A talking tour by Wendy Walker, author of Blue Fire, a new work that reexamines the unsolved case of Constance Kent, protagonist at 15 of the Road Hill House Murder.  Accused of killing her three-year-old half-brother and stuffing his body down the privy at the family estate in Wiltshire, Constance was cleared at the coroner’s inquest.  In the view of many at the time, the boy had been killed by his father and his nurse, surprised in bed.  Yet five years later, under the influence of a priest, Constance confessed to the crime. The “Great Crime of 1860” and the trial of Constance Kent constituted a watershed in the history of police investigation, forensic medicine, journalistic practice and and British criminal law. It caused riots in the streets and rocked the Anglican Church. It was the ancestor of the country house murder mystery and directly inspired both Wilkie Collins’ The Moonstone and Dickens’ The Mystery of Edwin Drood, as well as the first true-crime book, The Great Crime of 1860 by Joseph Stapleton.  It has been novelized, dramatized, televised and filmed, and recounted from various angles, most recently by Kate Summerscale in The Suspicions of Mr Whicher (2008).
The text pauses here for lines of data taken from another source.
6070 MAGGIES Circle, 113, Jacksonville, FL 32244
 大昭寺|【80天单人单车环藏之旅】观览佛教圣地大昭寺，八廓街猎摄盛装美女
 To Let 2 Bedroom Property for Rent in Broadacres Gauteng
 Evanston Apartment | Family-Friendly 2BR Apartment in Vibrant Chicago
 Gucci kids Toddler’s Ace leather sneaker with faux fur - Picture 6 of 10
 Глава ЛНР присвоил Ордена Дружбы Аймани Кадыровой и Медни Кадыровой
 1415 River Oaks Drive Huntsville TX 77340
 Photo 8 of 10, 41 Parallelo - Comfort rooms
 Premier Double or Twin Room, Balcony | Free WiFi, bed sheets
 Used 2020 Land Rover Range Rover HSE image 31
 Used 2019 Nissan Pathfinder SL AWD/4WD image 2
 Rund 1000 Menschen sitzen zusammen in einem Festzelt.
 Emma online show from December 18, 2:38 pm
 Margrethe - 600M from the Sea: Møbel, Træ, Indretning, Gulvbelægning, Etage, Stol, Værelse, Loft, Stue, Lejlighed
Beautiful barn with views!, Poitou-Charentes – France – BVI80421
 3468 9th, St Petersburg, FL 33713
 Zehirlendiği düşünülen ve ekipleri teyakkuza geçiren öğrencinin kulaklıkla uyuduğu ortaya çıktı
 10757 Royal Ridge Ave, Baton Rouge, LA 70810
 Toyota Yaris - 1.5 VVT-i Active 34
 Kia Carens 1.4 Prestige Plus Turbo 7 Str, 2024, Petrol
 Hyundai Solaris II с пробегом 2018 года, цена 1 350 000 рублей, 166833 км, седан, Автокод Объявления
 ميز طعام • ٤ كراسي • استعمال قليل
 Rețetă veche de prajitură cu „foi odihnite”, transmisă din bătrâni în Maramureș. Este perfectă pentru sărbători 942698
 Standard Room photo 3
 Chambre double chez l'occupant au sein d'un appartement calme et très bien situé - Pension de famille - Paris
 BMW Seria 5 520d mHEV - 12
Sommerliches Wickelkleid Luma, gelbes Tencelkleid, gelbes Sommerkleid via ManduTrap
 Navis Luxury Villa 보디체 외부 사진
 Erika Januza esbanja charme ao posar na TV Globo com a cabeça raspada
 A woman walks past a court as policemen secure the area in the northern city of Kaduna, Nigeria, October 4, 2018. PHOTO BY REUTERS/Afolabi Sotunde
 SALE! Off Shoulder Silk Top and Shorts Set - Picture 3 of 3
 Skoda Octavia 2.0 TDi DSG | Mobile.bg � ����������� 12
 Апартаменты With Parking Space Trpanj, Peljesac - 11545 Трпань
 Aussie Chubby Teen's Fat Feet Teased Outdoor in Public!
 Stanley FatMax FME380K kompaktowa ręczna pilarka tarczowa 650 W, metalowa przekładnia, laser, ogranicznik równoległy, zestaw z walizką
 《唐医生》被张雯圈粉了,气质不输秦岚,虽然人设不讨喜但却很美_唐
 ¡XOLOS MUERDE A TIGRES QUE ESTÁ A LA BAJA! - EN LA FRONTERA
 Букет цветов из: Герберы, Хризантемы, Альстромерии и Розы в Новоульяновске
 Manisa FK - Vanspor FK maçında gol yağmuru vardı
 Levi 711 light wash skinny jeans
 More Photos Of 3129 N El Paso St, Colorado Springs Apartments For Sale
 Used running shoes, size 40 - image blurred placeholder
The enigmatic figure at the center of this story confessed to a crime she did not commit, was condemned to death, spent twenty years in prison, and went on to a career of almost sixty years as a nurse and social activist.  This talk with images will trace the three stages of her long life.

Exhibition: ALL SORTS OF REMEDIES

pfostl_invitation_headerherbert pfostl
ALL SORTS OF REMEDIES

Opening: Saturday, November 21st at 7:00pm

Exhibition: November 21, 2009 – January 8, 2010
Gallery Hours:
Thursday and Friday 3-6pm
Saturday and Sunday 12-6pm

Small paintings as parables of plants and animals and old stories of black robbers and white stags. Fragments on death like mirrors from a black sleep in the forests of fairy tales. All stories from the dust of the dead in fragments and footnotes like melodies of heartbreak and north and night and exploration–breakdowns. About saints with no promise of heaven and lost sailors forgotten and the terribly lonely bears. The unknown, the ugly – and the odd. Collected grand mistakes, noble errors from many sources. Sinking signals - conscious or not – sonatas and last letters and great insults. The impossible tears in landscapes of ocean or stranded whales. A going far back to coals and cruelties and sobbing like songs in whiskey and blood. Of soldiers’ last letters and all seven seas. With pirates and wars and prayers in holes in the ground. Of fallen women and orphaned children and drowned slaves and burned saints.

Herbert Pfostl is the author of Blind Pony Books and the Paper Graveyard, and is the buyer for the bookstore at New York’s New Museum.